Muslim extremism
(See also counterterrorism.)
Right-wingers vastly exaggerate the threat from terror attacks and demonize Muslims.
India's Hindu-extremist RSS, the Tamil Tigers of Sri Lanka, the Lord's Resistance Army of Uganda, and Colombia's FARC (a hard-drug smuggler) are seldom mentioned by Republican politicians worrying about terrorists, though all these movements are violent and have threatened US interests.
Advocates of the "war on terror" fantasize about the Muslim world as a Soviet Union-type challenge to the US.
In fact, the countries with majority Muslim populations (Turkey, Morocco, Egypt, Jordan, Bahrain, Kuwait, Pakistan, etc.) are mostly allies of the US.

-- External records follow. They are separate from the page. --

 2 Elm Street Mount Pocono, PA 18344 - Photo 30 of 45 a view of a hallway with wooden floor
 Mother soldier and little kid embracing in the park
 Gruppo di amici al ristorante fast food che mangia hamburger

Imperial occupations benefit only the military-industrial complex and political elites pursuing American hegemony.
The anti-Muslim rhetoric is bigotry and fear-mongering.
Muslims may constitute a third of humankind by 2050 and will possess much of the world's resources... We'd be smarter to play nice.

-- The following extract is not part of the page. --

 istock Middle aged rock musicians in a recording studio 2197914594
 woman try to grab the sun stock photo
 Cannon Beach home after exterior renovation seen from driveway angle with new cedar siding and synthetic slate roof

In particular, Al Qaeda has at most a few thousand members. It holds no territory and its constituent organizations have been roundly defeated in Egypt, Algeria, and other Muslim nations. Its command and control networks have been disrupted.
Most threats now come from amateur copycats. Al Qaeda has no prospect whatsoever of taking over any state in the Muslim world. It probably would be dead altogether if Bush had not poured gasoline on the flames with his large-scale invasions and occupations.
For John McCain to proclaim that Al Qaeda is a bigger threat to US security than was the Soviet Union which had thousands of nuclear warheads aimed at this country, is to enter Alice's Wonderland.
Few Muslims are either violent or fundamentalist; most are traditionalist, mystic, modernist or secularist. Murder rates in the Muslim world are remarkably low.
It would help if we stopped insulting Muslims by calling their religion "fascist."